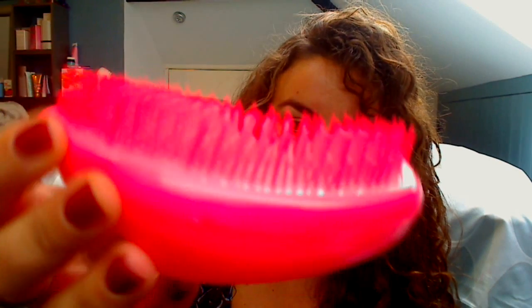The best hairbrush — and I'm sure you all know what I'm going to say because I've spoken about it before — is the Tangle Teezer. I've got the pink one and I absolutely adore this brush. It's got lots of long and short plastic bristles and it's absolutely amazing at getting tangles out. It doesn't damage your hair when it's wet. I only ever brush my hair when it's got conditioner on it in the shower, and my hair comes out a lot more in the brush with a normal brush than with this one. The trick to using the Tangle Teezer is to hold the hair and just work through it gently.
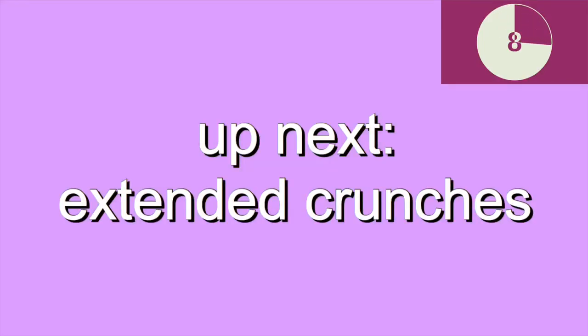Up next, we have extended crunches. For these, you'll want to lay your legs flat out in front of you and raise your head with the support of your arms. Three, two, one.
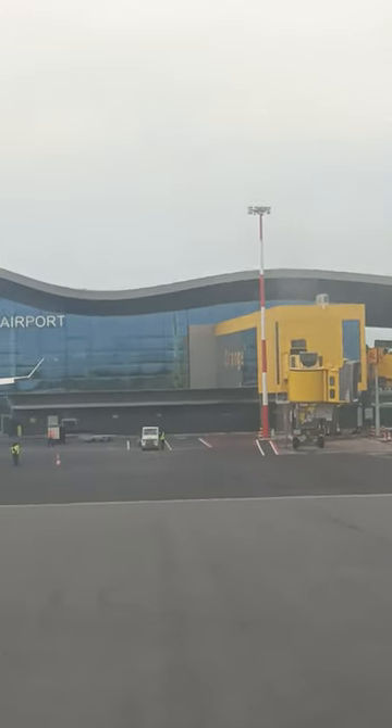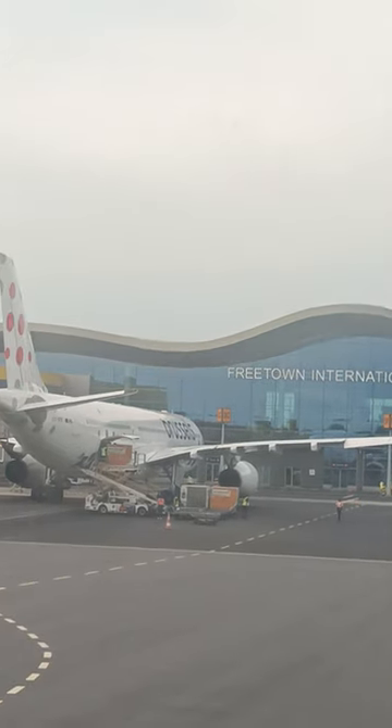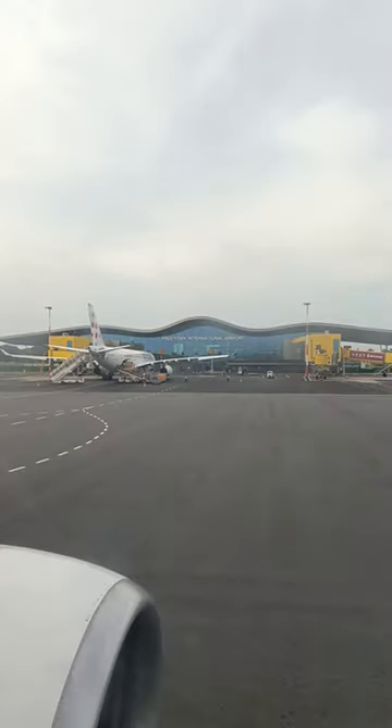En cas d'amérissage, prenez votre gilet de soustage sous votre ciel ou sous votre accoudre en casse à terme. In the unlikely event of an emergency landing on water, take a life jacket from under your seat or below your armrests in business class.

▶ [What to do] Excluding pictures, print all lines above exactly.

▶ [Result]
The best hairbrush — and I'm sure you all know what I'm going to say because I've spoken about it before — is the Tangle Teezer. I've got the pink one and I absolutely adore this brush. It's got lots of long and short plastic bristles and it's absolutely amazing at getting tangles out. It doesn't damage your hair when it's wet. I only ever brush my hair when it's got conditioner on it in the shower, and my hair comes out a lot more in the brush with a normal brush than with this one. The trick to using the Tangle Teezer is to hold the hair and just work through it gently.
Up next, we have extended crunches. For these, you'll want to lay your legs flat out in front of you and raise your head with the support of your arms. Three, two, one.
En cas d'amérissage, prenez votre gilet de soustage sous votre ciel ou sous votre accoudre en casse à terme. In the unlikely event of an emergency landing on water, take a life jacket from under your seat or below your armrests in business class.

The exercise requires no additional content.